• DATA FOR THIS EXERCISE

········

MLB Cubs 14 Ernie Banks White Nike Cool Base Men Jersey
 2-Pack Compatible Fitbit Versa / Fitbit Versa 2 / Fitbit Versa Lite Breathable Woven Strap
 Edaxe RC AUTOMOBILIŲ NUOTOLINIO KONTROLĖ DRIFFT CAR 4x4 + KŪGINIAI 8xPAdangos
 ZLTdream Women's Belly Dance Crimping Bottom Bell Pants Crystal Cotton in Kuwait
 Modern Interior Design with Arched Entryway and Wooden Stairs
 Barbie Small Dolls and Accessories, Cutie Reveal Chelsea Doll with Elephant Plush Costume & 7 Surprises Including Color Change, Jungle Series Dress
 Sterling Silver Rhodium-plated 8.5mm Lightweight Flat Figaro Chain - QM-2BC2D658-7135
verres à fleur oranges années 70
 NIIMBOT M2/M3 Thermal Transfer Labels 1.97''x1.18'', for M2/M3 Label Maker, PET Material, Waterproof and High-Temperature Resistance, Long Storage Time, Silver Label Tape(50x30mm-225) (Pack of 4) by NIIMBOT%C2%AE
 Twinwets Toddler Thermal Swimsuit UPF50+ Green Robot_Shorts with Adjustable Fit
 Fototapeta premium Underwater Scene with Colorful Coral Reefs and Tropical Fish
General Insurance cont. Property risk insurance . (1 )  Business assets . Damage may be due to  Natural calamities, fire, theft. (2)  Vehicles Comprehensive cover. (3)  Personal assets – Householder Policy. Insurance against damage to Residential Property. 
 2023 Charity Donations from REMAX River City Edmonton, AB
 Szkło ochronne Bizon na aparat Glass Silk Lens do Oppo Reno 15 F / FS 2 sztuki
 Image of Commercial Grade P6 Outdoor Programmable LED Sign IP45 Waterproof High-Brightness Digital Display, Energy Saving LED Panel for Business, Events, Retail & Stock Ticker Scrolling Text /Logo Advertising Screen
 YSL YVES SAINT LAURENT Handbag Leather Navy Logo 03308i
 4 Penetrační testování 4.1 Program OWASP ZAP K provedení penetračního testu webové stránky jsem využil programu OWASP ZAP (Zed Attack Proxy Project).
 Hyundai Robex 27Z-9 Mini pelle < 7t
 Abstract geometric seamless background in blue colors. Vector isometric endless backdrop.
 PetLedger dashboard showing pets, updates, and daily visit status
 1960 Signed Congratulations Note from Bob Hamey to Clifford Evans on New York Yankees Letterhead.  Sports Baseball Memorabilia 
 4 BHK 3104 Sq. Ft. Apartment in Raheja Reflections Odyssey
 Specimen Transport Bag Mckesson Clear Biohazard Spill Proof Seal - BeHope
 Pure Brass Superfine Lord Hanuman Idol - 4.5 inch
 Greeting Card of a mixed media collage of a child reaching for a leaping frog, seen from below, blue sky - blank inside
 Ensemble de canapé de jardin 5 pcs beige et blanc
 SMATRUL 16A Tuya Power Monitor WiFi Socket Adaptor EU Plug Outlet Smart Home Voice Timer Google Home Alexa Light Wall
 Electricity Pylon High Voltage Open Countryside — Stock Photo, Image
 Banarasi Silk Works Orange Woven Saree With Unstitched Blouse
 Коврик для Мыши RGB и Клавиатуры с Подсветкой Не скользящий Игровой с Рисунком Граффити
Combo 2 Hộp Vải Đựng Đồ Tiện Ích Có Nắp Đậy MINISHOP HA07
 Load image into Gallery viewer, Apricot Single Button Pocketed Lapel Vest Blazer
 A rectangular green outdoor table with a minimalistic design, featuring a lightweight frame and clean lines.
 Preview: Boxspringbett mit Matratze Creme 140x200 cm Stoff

········

• WHAT IS NEEDED
Above are the records; reproduce all of them exactly.

• EXERCISE RESPONSE
MLB Cubs 14 Ernie Banks White Nike Cool Base Men Jersey
 2-Pack Compatible Fitbit Versa / Fitbit Versa 2 / Fitbit Versa Lite Breathable Woven Strap
 Edaxe RC AUTOMOBILIŲ NUOTOLINIO KONTROLĖ DRIFFT CAR 4x4 + KŪGINIAI 8xPAdangos
 ZLTdream Women's Belly Dance Crimping Bottom Bell Pants Crystal Cotton in Kuwait
 Modern Interior Design with Arched Entryway and Wooden Stairs
 Barbie Small Dolls and Accessories, Cutie Reveal Chelsea Doll with Elephant Plush Costume & 7 Surprises Including Color Change, Jungle Series Dress
 Sterling Silver Rhodium-plated 8.5mm Lightweight Flat Figaro Chain - QM-2BC2D658-7135
verres à fleur oranges années 70
 NIIMBOT M2/M3 Thermal Transfer Labels 1.97''x1.18'', for M2/M3 Label Maker, PET Material, Waterproof and High-Temperature Resistance, Long Storage Time, Silver Label Tape(50x30mm-225) (Pack of 4) by NIIMBOT%C2%AE
 Twinwets Toddler Thermal Swimsuit UPF50+ Green Robot_Shorts with Adjustable Fit
 Fototapeta premium Underwater Scene with Colorful Coral Reefs and Tropical Fish
General Insurance cont. Property risk insurance . (1 )  Business assets . Damage may be due to  Natural calamities, fire, theft. (2)  Vehicles Comprehensive cover. (3)  Personal assets – Householder Policy. Insurance against damage to Residential Property. 
 2023 Charity Donations from REMAX River City Edmonton, AB
 Szkło ochronne Bizon na aparat Glass Silk Lens do Oppo Reno 15 F / FS 2 sztuki
 Image of Commercial Grade P6 Outdoor Programmable LED Sign IP45 Waterproof High-Brightness Digital Display, Energy Saving LED Panel for Business, Events, Retail & Stock Ticker Scrolling Text /Logo Advertising Screen
 YSL YVES SAINT LAURENT Handbag Leather Navy Logo 03308i
 4 Penetrační testování 4.1 Program OWASP ZAP K provedení penetračního testu webové stránky jsem využil programu OWASP ZAP (Zed Attack Proxy Project).
 Hyundai Robex 27Z-9 Mini pelle < 7t
 Abstract geometric seamless background in blue colors. Vector isometric endless backdrop.
 PetLedger dashboard showing pets, updates, and daily visit status
 1960 Signed Congratulations Note from Bob Hamey to Clifford Evans on New York Yankees Letterhead.  Sports Baseball Memorabilia 
 4 BHK 3104 Sq. Ft. Apartment in Raheja Reflections Odyssey
 Specimen Transport Bag Mckesson Clear Biohazard Spill Proof Seal - BeHope
 Pure Brass Superfine Lord Hanuman Idol - 4.5 inch
 Greeting Card of a mixed media collage of a child reaching for a leaping frog, seen from below, blue sky - blank inside
 Ensemble de canapé de jardin 5 pcs beige et blanc
 SMATRUL 16A Tuya Power Monitor WiFi Socket Adaptor EU Plug Outlet Smart Home Voice Timer Google Home Alexa Light Wall
 Electricity Pylon High Voltage Open Countryside — Stock Photo, Image
 Banarasi Silk Works Orange Woven Saree With Unstitched Blouse
 Коврик для Мыши RGB и Клавиатуры с Подсветкой Не скользящий Игровой с Рисунком Граффити
Combo 2 Hộp Vải Đựng Đồ Tiện Ích Có Nắp Đậy MINISHOP HA07
 Load image into Gallery viewer, Apricot Single Button Pocketed Lapel Vest Blazer
 A rectangular green outdoor table with a minimalistic design, featuring a lightweight frame and clean lines.
 Preview: Boxspringbett mit Matratze Creme 140x200 cm Stoff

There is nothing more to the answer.